Spectral Ranking of Causal Influence in Complex Systems

TL;DR

This paper presents a spectral ranking method combining transfer entropy and eigenvector centrality to identify influential parameters in complex, high-dimensional systems with nonlinear dynamics, demonstrated on semiconductor lithography data.

Contribution

The paper introduces a novel spectral ranking algorithm that effectively detects true causal influences in complex systems with redundant information transfer networks.

Findings

Robust identification of influential sources in complex systems.

Effective handling of redundant edges in information transfer networks.

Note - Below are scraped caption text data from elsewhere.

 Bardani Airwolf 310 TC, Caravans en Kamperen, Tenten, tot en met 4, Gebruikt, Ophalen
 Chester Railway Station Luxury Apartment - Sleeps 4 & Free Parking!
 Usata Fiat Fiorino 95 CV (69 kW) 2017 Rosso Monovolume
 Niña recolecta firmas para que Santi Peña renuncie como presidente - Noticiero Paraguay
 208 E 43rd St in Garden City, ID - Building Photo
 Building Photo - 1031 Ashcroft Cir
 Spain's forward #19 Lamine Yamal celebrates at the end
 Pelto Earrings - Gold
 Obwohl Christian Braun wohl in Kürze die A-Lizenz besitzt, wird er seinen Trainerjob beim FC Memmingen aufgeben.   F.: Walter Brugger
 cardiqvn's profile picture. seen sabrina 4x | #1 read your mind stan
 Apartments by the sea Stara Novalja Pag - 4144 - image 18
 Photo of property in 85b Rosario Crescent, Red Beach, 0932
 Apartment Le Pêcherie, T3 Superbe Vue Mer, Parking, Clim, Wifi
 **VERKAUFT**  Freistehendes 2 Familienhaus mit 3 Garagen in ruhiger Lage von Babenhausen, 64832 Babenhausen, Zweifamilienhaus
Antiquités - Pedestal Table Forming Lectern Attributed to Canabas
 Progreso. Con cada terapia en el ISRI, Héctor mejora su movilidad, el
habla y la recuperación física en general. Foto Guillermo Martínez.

Validation on semiconductor lithography system data.

Abstract

Like natural complex systems such as the Earth's climate or a living cell, semiconductor lithography systems are characterized by nonlinear dynamics across more than a dozen orders of magnitude in space and time. Thousands of sensors measure relevant process variables at appropriate sampling rates, to provide time series as primary sources for system diagnostics. However, high-dimensionality, non-linearity and non-stationarity of data remain a major challenge to effectively diagnose rare or new system issues by merely using model-based approaches. To reduce the causal search space, we validate an algorithm that applies transfer entropy to obtain a weighted directed graph from a system's multivariate time series and graph eigenvector centrality to identify the system's most influential parameters. The results suggest that this approach robustly identifies the true influential sources in a complex system, even when its information transfer network includes redundant edges.